Cerca de 20 anos atrás, quando a indústria fotovoltaica global estava em sua infância, o envolvimento da China era mínimo. A especialização tecnológica estava concentrada no mundo ocidental, particularmente nas universidades e empresas de tecnologia da Europa. Naquela época, as usinas fotovoltaicas eram uma visão rara em toda a vasta paisagem da China.

Avançando rapidamente até os dias atuais, o cenário da indústria passou por uma transformação dramática. Dados do órgão comercial China Photovoltaic Industry Association (CPIA) revelam que a participação da China na capacidade de produção global de componentes-chave, como polissilício, wafers de silício, células solares e módulos fotovoltaicos, excedeu 80% em 2023. De acordo com o Ministério da Indústria e Tecnologia da Informação da China (MIIT), os números de produção da China em 2023 foram impressionantes: mais de 90% do polissilício de grau solar do mundo, 98% dos wafers solares, mais de 85% das células solares e mais de 80% dos módulos fotovoltaicos.

Além disso, a Administração Nacional de Energia da China (NEA) informou que o país conectou 217 GW de energia solar à rede em 2023, representando 56% do total global e superando as instalações combinadas de todas as outras partes do mundo.

O crescimento da indústria fotovoltaica da China foi alcançado graças à política governamental de apoio, em nível regional e nacional, o acesso da indústria a um mercado livre e aberto e a ênfase que as empresas chinesas dão à tecnologia. Os amplos canais de financiamento e o capital significativo disponível na China também foram elementos cruciais. A indústria fotovoltaica é intensiva em capital. Requer recursos financeiros substanciais para o desenvolvimento e o acesso da China a capital abundante tem sido fundamental para impulsionar o setor solar.

No passado, o investimento de capital da China em energia fotovoltaica se concentrou em duas áreas.
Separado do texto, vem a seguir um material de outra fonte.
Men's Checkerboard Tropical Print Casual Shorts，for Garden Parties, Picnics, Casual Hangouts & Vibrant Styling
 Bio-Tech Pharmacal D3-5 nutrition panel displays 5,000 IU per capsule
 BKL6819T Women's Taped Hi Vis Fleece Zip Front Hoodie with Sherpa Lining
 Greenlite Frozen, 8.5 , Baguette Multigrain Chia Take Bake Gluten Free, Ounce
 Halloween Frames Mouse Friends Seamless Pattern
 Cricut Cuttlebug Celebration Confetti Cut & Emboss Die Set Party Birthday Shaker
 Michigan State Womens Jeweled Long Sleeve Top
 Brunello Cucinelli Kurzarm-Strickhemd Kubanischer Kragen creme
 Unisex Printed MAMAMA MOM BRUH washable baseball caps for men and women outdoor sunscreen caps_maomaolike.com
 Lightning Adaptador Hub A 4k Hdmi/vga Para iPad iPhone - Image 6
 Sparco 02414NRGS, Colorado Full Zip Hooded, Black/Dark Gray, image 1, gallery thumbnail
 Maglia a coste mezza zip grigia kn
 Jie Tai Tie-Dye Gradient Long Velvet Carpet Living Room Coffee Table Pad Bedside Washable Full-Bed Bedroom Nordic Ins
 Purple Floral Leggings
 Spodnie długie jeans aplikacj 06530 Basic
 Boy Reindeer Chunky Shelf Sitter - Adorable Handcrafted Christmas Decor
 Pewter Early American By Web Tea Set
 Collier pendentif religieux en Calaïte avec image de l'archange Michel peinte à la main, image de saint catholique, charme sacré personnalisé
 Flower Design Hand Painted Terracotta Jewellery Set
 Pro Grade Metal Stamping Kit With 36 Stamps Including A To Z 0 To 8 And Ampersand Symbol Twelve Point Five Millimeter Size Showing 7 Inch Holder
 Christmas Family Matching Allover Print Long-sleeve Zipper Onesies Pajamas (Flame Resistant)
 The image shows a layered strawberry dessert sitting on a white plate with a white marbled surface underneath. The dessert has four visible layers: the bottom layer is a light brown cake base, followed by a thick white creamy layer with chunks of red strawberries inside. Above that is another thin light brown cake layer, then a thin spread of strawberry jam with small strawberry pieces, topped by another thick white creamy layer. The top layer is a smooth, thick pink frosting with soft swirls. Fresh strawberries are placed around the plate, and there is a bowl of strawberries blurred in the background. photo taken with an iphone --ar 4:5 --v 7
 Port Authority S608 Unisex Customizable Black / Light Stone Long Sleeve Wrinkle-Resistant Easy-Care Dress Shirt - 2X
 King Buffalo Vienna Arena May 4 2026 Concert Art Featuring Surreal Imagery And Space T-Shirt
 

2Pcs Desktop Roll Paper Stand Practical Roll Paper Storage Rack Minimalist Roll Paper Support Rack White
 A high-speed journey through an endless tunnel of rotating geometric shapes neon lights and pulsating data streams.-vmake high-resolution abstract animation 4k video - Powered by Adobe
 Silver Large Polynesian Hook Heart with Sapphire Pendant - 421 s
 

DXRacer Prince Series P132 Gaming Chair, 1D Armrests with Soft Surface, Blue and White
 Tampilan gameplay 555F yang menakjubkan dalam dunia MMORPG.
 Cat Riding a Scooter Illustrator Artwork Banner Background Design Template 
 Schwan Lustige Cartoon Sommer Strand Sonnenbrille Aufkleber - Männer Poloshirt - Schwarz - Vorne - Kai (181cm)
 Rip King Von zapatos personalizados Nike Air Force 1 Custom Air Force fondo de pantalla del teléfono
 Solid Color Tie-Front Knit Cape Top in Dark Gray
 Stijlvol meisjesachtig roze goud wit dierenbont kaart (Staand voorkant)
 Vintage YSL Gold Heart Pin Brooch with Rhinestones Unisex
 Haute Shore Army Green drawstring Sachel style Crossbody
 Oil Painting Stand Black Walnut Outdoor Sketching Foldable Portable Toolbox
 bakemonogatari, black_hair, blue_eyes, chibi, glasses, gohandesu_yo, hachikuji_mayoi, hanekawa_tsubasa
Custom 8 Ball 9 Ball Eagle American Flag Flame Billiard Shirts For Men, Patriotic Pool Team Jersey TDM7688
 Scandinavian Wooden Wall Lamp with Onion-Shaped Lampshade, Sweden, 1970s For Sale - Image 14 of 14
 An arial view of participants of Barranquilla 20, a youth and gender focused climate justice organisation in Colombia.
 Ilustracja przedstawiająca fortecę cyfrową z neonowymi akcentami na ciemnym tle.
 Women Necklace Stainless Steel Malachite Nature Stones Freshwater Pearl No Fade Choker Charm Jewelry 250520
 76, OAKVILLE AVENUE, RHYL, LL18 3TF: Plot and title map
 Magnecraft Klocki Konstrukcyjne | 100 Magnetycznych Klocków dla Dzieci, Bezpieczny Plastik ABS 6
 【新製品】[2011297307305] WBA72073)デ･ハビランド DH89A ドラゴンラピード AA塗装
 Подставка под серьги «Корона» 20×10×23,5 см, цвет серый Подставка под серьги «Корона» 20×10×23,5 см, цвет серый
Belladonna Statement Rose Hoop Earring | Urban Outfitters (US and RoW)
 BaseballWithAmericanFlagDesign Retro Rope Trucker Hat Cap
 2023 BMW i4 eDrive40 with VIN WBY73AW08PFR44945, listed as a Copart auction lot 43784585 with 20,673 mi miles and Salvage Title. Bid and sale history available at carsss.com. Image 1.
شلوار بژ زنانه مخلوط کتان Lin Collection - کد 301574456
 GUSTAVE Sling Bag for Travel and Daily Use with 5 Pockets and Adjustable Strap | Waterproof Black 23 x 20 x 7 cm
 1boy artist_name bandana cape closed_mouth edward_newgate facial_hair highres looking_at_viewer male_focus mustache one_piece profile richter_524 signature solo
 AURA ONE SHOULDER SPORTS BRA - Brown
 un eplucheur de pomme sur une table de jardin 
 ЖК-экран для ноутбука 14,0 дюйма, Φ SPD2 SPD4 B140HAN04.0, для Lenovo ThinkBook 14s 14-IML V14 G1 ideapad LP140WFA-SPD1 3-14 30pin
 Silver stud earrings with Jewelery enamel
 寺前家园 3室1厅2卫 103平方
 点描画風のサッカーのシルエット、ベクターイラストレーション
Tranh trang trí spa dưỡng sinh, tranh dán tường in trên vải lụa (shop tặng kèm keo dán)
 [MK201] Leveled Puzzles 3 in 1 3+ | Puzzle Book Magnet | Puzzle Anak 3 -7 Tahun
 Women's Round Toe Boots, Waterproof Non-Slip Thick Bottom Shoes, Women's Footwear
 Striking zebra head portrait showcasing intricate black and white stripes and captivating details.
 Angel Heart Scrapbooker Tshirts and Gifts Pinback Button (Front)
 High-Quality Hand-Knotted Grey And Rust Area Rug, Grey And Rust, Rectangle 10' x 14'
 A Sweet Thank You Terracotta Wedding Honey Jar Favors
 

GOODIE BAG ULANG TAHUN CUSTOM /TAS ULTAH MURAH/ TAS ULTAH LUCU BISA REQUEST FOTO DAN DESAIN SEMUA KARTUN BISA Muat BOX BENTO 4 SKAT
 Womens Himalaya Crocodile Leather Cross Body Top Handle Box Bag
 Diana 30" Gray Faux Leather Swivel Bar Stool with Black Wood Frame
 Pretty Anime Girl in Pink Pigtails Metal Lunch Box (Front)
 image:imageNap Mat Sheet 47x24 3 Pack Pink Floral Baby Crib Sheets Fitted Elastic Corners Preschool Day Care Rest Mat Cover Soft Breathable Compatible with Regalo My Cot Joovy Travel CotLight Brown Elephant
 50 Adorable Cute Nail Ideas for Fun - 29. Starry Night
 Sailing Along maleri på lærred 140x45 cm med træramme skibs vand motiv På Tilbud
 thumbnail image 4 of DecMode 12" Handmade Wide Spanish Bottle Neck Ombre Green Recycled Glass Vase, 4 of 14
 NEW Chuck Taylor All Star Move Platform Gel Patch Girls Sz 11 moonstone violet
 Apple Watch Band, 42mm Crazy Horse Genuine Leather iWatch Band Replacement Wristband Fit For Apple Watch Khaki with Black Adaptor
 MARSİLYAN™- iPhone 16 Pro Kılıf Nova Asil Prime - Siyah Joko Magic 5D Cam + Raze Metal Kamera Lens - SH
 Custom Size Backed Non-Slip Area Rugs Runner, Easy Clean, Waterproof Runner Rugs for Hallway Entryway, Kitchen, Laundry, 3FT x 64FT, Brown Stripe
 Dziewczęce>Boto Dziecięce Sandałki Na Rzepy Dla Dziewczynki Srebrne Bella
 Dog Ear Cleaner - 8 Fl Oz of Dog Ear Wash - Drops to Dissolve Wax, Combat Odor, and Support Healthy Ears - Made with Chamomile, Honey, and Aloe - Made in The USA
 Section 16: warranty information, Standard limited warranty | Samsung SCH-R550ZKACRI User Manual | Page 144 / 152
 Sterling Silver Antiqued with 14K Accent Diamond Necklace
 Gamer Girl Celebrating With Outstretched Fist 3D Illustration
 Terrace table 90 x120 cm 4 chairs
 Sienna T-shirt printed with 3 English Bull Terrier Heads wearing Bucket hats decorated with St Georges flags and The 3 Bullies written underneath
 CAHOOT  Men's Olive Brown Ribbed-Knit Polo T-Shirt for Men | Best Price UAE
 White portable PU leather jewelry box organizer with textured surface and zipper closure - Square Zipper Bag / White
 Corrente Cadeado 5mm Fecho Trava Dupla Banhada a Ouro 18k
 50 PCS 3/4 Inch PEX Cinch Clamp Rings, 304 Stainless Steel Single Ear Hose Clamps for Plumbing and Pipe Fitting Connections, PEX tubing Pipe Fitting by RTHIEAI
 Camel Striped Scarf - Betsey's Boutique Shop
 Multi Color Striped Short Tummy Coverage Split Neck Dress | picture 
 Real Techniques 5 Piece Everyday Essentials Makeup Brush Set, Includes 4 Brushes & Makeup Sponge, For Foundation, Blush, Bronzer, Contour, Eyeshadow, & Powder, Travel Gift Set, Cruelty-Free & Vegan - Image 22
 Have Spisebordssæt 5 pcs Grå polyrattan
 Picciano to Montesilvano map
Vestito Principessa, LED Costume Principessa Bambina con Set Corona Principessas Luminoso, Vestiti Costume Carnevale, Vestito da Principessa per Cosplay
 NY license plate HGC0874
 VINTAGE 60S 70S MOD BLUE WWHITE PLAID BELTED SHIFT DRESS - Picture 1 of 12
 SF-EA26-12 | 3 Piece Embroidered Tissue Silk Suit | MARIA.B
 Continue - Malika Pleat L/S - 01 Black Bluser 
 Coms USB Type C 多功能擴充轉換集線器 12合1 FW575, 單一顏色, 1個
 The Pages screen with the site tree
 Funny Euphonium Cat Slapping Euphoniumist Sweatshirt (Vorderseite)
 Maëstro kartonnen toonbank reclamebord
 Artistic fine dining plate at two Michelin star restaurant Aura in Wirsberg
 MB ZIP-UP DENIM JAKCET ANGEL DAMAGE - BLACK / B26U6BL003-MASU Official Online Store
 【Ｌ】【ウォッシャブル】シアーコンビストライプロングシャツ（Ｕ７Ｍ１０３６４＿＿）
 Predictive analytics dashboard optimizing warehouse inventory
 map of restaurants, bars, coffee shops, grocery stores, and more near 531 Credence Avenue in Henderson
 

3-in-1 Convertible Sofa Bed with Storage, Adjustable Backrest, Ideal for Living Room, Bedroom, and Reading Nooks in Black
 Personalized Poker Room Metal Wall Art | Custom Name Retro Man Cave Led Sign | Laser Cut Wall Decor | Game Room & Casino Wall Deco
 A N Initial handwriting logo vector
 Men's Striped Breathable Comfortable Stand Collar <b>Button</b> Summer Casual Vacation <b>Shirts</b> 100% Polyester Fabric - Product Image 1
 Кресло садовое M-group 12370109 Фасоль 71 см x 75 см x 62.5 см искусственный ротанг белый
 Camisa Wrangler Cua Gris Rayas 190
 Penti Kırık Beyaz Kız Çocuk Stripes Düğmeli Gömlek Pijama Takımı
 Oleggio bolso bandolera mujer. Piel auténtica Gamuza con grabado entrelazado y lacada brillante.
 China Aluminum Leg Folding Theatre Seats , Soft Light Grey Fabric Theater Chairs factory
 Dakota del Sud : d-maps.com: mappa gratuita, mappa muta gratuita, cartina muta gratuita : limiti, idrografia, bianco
Em primeiro lugar, o investimento foi direcionado para a construção de toda a cadeia da indústria solar, abrangendo a capacidade de produção de polissilício, wafers de silício, células solares e módulos fotovoltaicos, juntamente com componentes auxiliares, como inversores fotovoltaicos, estruturas de montagem, materiais de backsheet e vidro solar. Além disso, foram feitos investimentos na pesquisa e no desenvolvimento de tecnologia fotovoltaica, na aquisição e treinamento de talentos e no estabelecimento de redes de vendas robustas. Essa capacidade foi construída principalmente por empresas privadas, com recursos provenientes de equity finance.

Em segundo lugar, guiados por planos e diretrizes governamentais, projetos de usinas fotovoltaicas de grande escala foram realizados por grandes empresas estatais de energia na China. Esses projetos envolvem a construção de extensas redes de transmissão de ultra-alta tensão para apoiar a rede, sistemas de armazenamento de energia para equilibrar a produção de energia renovável e o estabelecimento de bases integradas de energia renovável no norte da China que combinam tecnologia solar, eólica, armazenamento de energia e hidrogênio. O financiamento dessas iniciativas provém principalmente de empréstimos bancários facilitados pelo apoio governamental em vários níveis.

Construção de manufatura

Em contraste com outras indústrias, os principais fabricantes do setor fotovoltaico da China são predominantemente empresas privadas. A indústria fotovoltaica na China surgiu após as políticas de reforma e abertura do país, que começaram na década de 1980. À medida que a economia privada começou a florescer sob essas políticas, os empresários chineses rapidamente aproveitaram as oportunidades apresentadas pelo nascente setor fotovoltaico.

O crescimento inicial das empresas fotovoltaicas chinesas foi auxiliado pelo apoio dos governos locais focados no desenvolvimento econômico no início do século 21. Essas empresas se beneficiaram de uma gama diversificada de fontes de financiamento, incluindo investidores-anjo, private equity, co-investimentos de empresas estatais, financiamento de fundos especiais do governo, empréstimos bancários e outras formas de apoio de entidades estatais. Por exemplo, a Suntech, uma empresa pioneira em energia fotovoltaica, enfrentou desafios financeiros em seus estágios iniciais. Com a ajuda do governo municipal de Wuxi, no entanto, a Suntech não apenas recebeu terrenos de cortesia para sua fábrica e taxas preferenciais de impostos corporativos, mas também atraiu injeções de capital de empresas estatais locais e empréstimos sem juros de bancos locais.

O rápido sucesso da Suntech, e mais tarde da LDK, ressaltou a importância da indústria fotovoltaica, atraindo maior apoio do governo para o setor. As autoridades locais reconhecem que o apoio financeiro às iniciativas de investimento fotovoltaico acelera significativamente a execução e o avanço do projeto. Após a conclusão do projeto e o início da produção, essas iniciativas atendem simultaneamente às expectativas do governo local em relação a várias métricas econômicas, como crescimento do PIB local, receitas tributárias e criação de empregos. Consequentemente, os governos em todos os níveis administrativos apoiam proativamente as empresas na obtenção de diversas formas de financiamento, abrangendo empréstimos e investimentos de capital.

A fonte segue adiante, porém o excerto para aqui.